> TRY IT
Without the pictures, set down the records below word for word.

Collected data entries

== Segment start ==

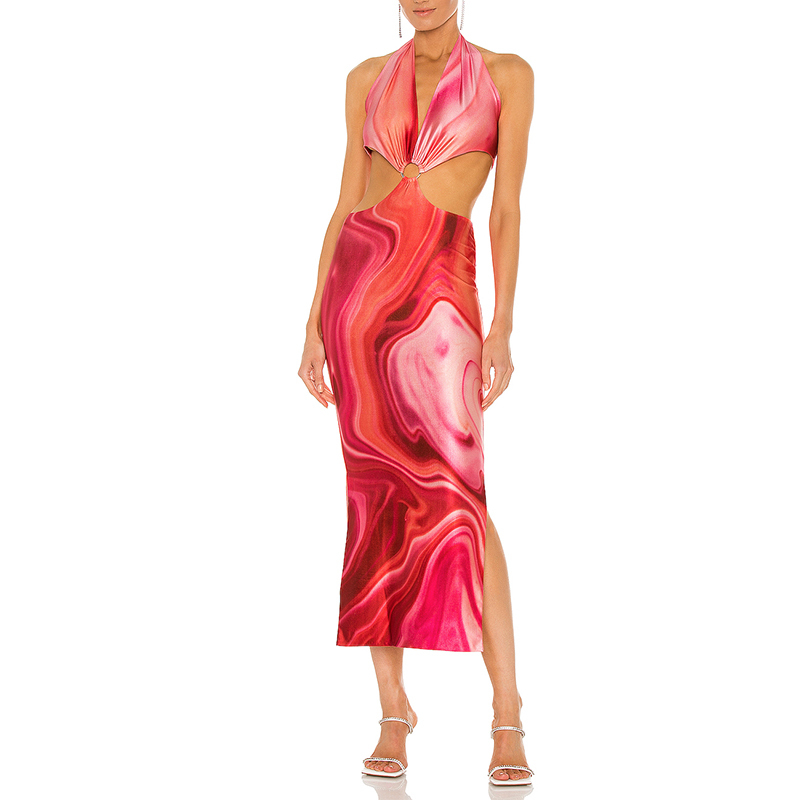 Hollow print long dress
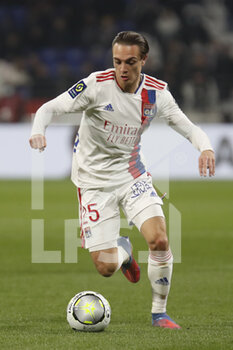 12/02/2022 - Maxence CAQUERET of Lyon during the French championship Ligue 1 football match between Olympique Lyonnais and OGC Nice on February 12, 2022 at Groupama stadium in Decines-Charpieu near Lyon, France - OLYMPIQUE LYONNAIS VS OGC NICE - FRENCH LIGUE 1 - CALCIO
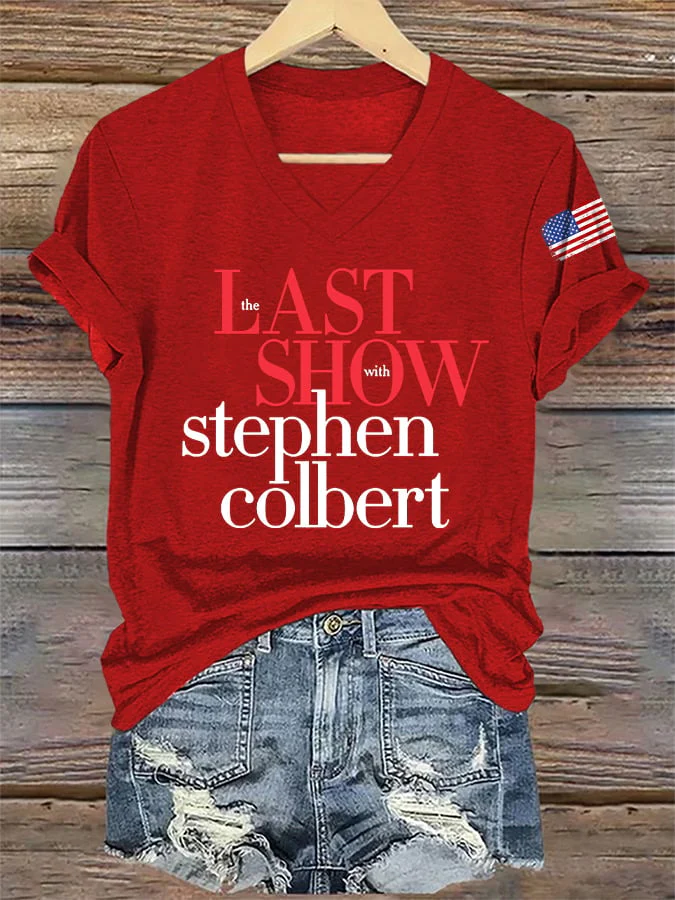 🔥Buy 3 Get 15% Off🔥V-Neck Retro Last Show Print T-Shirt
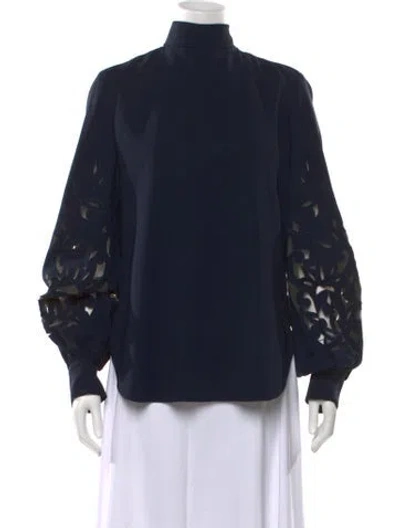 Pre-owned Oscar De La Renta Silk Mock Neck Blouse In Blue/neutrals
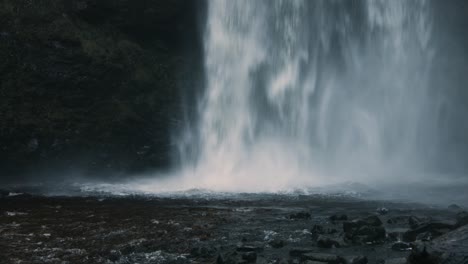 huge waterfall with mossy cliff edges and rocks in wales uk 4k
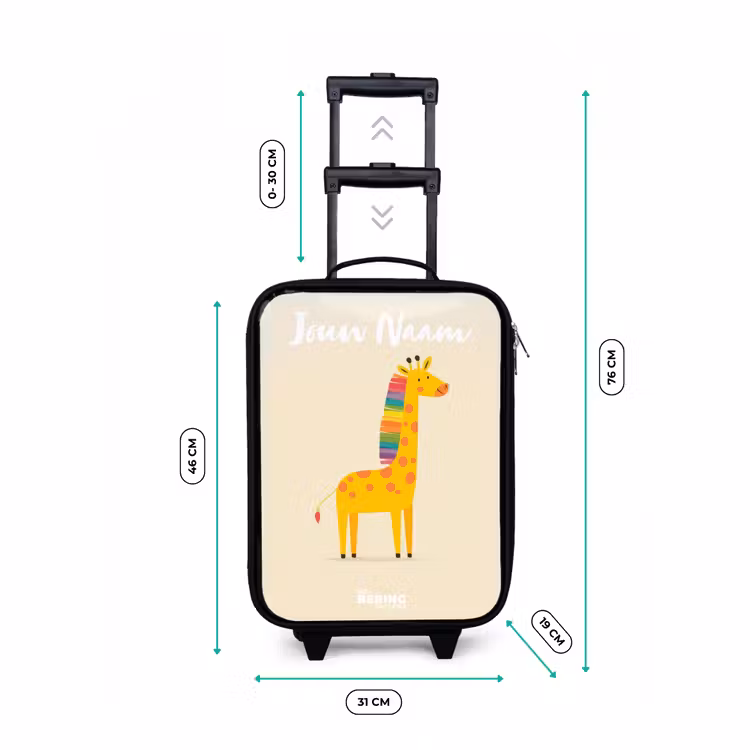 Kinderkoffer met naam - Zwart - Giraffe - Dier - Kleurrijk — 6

== Segment end ==

> SOLUTION TO THIS EXERCISE
 Hollow print long dress
 12/02/2022 - Maxence CAQUERET of Lyon during the French championship Ligue 1 football match between Olympique Lyonnais and OGC Nice on February 12, 2022 at Groupama stadium in Decines-Charpieu near Lyon, France - OLYMPIQUE LYONNAIS VS OGC NICE - FRENCH LIGUE 1 - CALCIO
 🔥Buy 3 Get 15% Off🔥V-Neck Retro Last Show Print T-Shirt
 Pre-owned Oscar De La Renta Silk Mock Neck Blouse In Blue/neutrals
 huge waterfall with mossy cliff edges and rocks in wales uk 4k
 Kinderkoffer met naam - Zwart - Giraffe - Dier - Kleurrijk — 6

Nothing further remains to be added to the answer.